Approximately two years back I made a post on Enterprise Data Fabric technology. The aim of the data grid or “in memory data store” is to remove the movement of data in and out of slower disk storage for processing. Instead the data in kept in “pooled main memory” during the processing.

To get above the physical limitations on the amount of main memory, the data grid technologies will create a pooled memory cluster with data distributed over multiple nodes connected using a high bandwidth network.

With SAP bringing HANA, an in memory database that has option to store data in traditional row store and column store (read storing data in rows and columns) within an in-memory technology and Oracle bringing the Exaletics appliance, the in-memory computing is getting more attention.

So, the claims are that the in memory technology will boost the performance by multiple degrees. But the truth is it can only remove the time taken to move the data out of disk into main memory. If there is a query that is processing the data using a wrong access method, even if all the data is moved into a memory store the processing will still take as long to provide the answer!

In memory computing would need re designing the applications to use the technology for better information processing. OLTP workload will surely improve the performance due to memory caching but the consistency of the data need to be managed by the application moving to a event based architecture.

OLAP and Analytical workloads would also improve the performance by using memory based column stores with a good design of the underlying structure of data that suits the processing requirements.

Overall, in memory computing is promising at the moment but without the right design to use the new technology, the old systems will not just get the performance boost just by moving the data store into the main memory

Let us wait and see how the technology shapes further in future…..

>data consolidation (ETL) and data federation (EII)

June 16, 2011

>Operational IT systems focus on providing the support for the business operations & enable capture, validation, storage and presentation of transactional data during normal running of the operations. They contain latest view of the organization’s operational state.

Traditionally, the data from various operational systems is extracted, transformed and loaded into a central warehouse for historical trending and analytic purposes.
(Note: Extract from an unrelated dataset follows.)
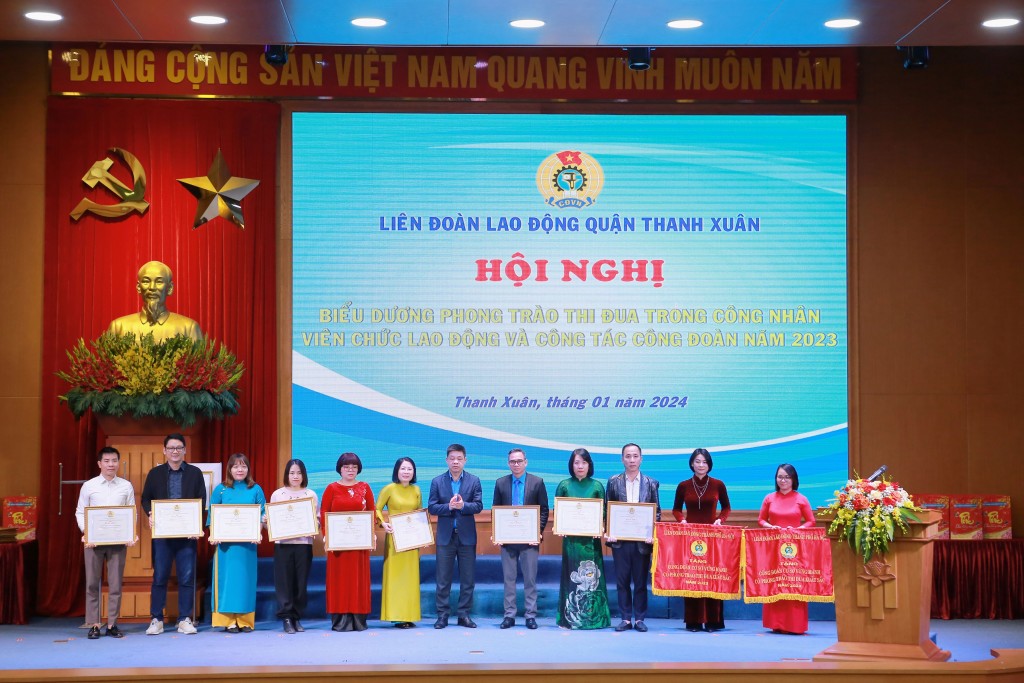 Quận Thanh Xuân: Phát động phong trào thi đua năm 2024 trong CNVCLĐ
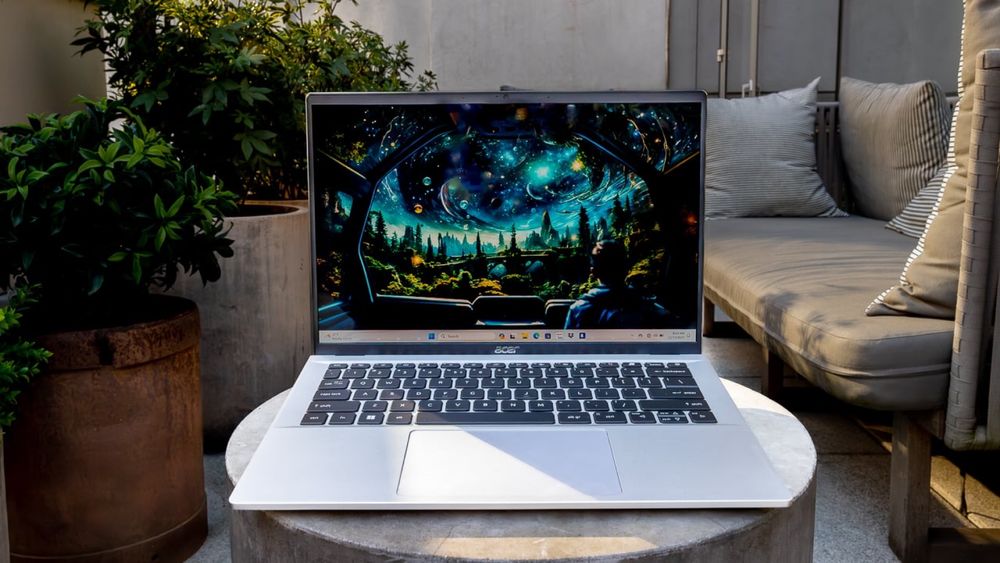 Portátil ACER Swift Go 14 SFG14-71 14" OLED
This ETL process will need a separate IT infrastructure to hold the data as well as it introduces some time lag in making the information in the OLTP systems available in the central data warehouse.

When the costs/resources required for consolidating data in the traditional way is not suitable due to the latest trends of acquisitions etc., there is a need for a different mechanism of data integration. The relatively different way of looking at this problem is to provide a semantic layer that can be used to access the data across heterogeneous sources for analytical purposes. This new way is called as “Data Federation” or “Data Virtualization” or EII – Enterprise Information Integration.

Key advantages of EII are quick delivery and lower costs. Key disadvantage is the performance of the solution and dependence on the source systems.

A good use case of data virtualization in my view is to consolidate different enterprise data warehouses due to mergers/acquisitions.

Traditional ETL and data warehouse technology vendors are coming up with data federation tools. Informatica Data Services uses a consolidate data integration philosophy where as Business Objects data federator uses a virtual tables in the BO universes for providing same functionality. Composite Integration Server is the independent technology provider in this area.

Key considerations in selecting the data federation and associated technologies are
1. native access to the heterogeneous source systems
2. capabilities of access method optimization
3. caching capabilities of the federation platform
4. metadata discovery capabilities from various sources
5. ease of development

A carefully chosen hybrid approach of consolidation and federation of data is required for a successful enterprise in the modern world.